*Problem statement:*
Repeat only the lines from the one containing "Black Military Style Jacket" to the final line below, exactly as they read, and leave every picture out.

-----

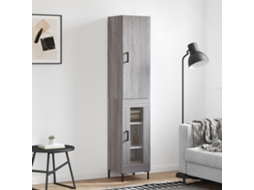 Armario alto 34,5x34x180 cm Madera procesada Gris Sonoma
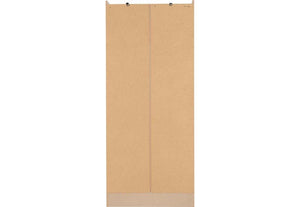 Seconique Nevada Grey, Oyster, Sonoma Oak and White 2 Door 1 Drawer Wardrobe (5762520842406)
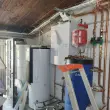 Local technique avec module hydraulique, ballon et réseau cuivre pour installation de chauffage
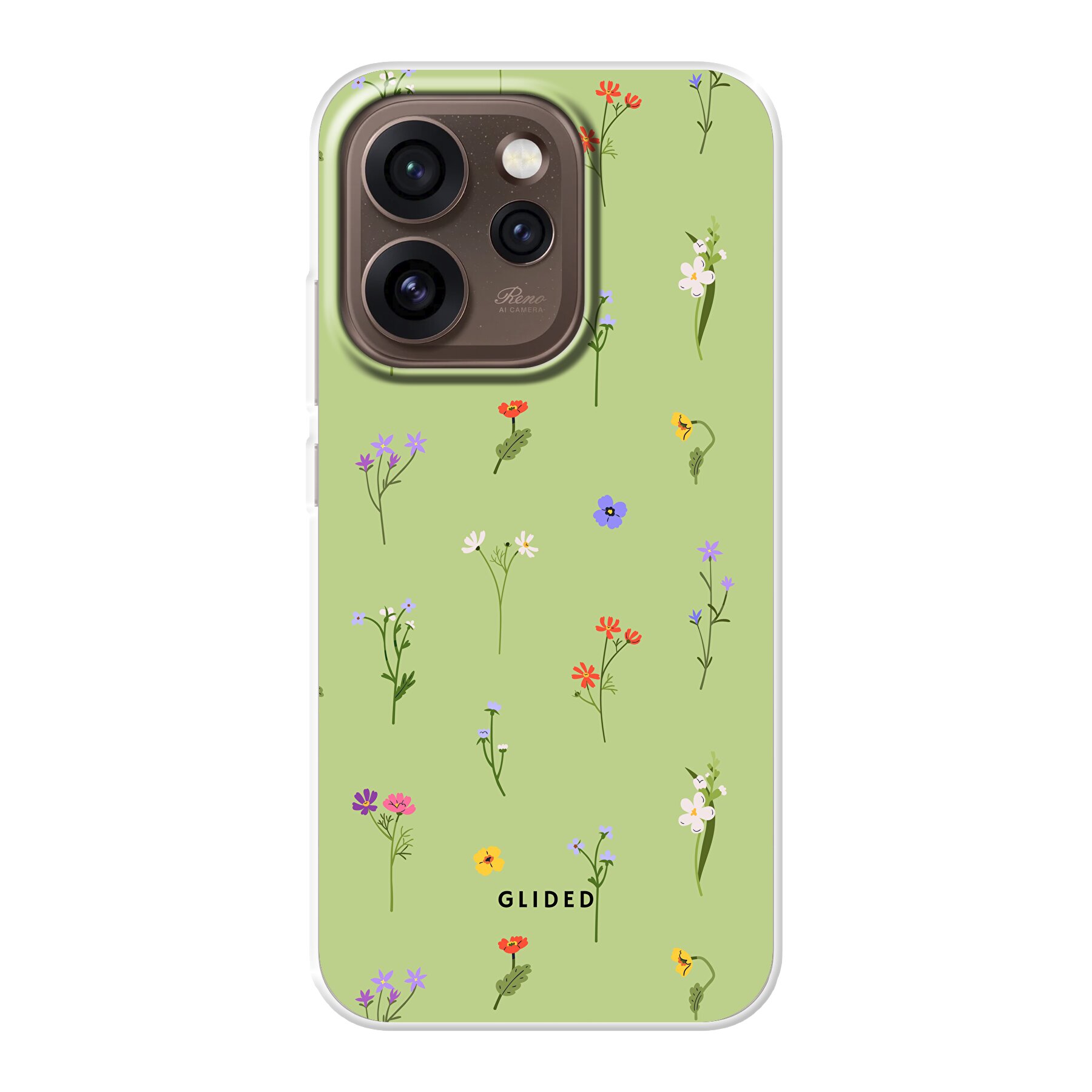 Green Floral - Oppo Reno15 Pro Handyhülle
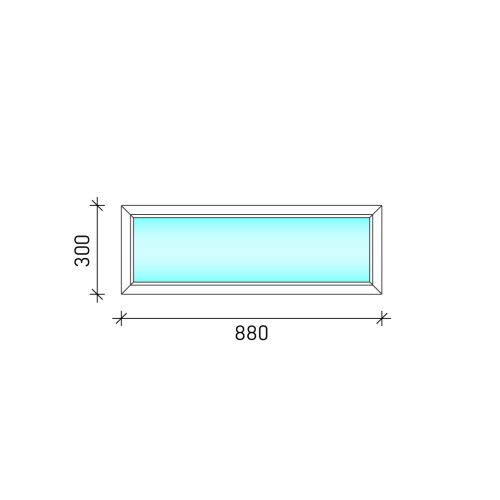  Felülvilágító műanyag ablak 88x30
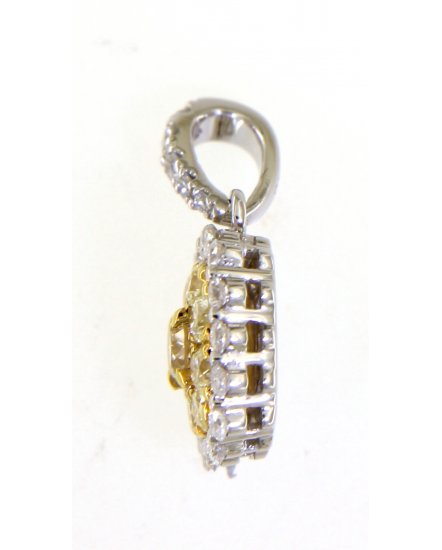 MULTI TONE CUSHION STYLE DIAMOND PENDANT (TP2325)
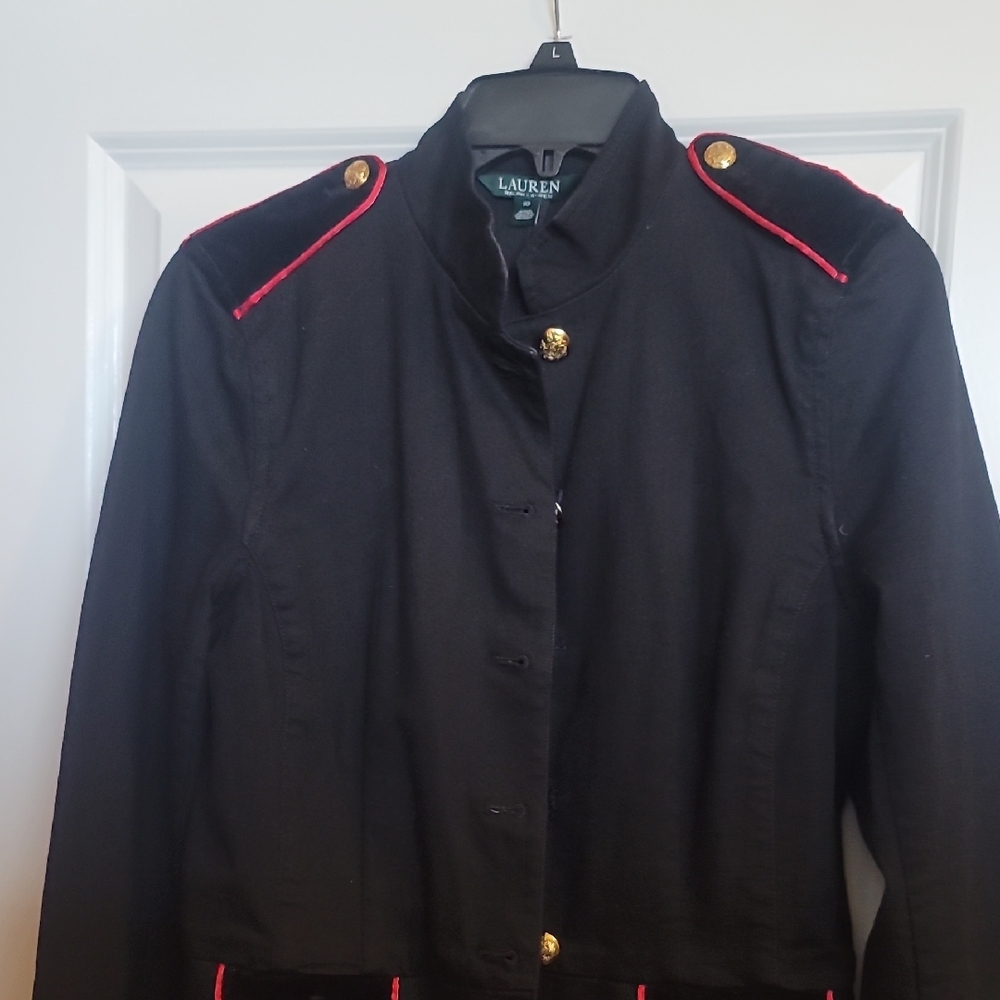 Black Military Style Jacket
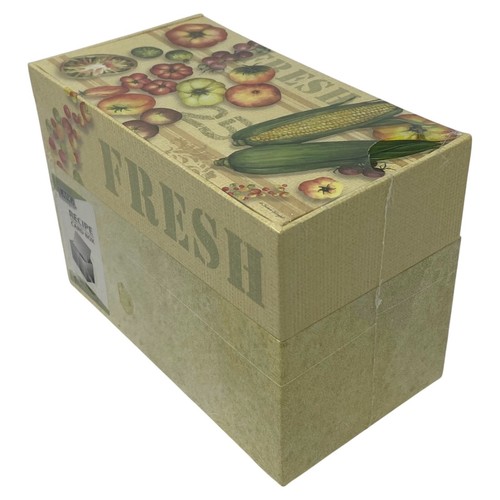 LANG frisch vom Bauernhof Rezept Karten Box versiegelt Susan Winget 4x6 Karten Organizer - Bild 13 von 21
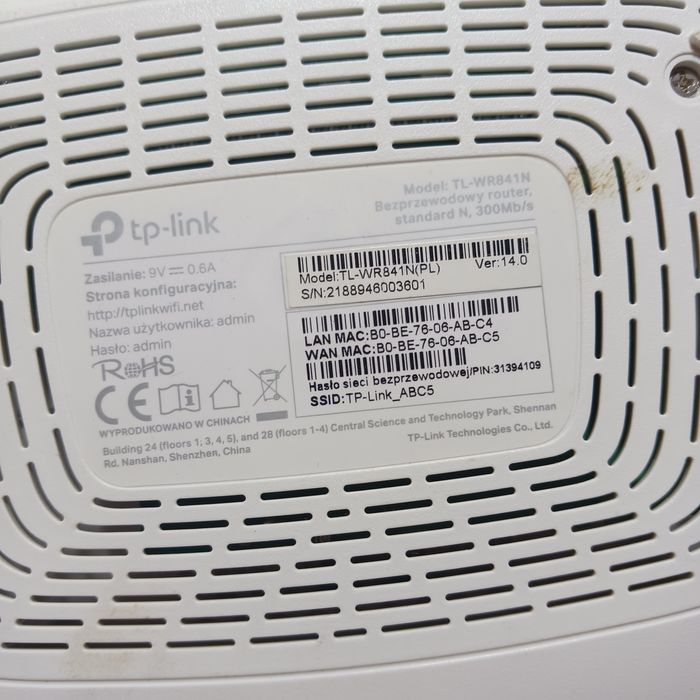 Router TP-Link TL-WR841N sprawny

-----

*Your solution:*
 Black Military Style Jacket
 LANG frisch vom Bauernhof Rezept Karten Box versiegelt Susan Winget 4x6 Karten Organizer - Bild 13 von 21
 Router TP-Link TL-WR841N sprawny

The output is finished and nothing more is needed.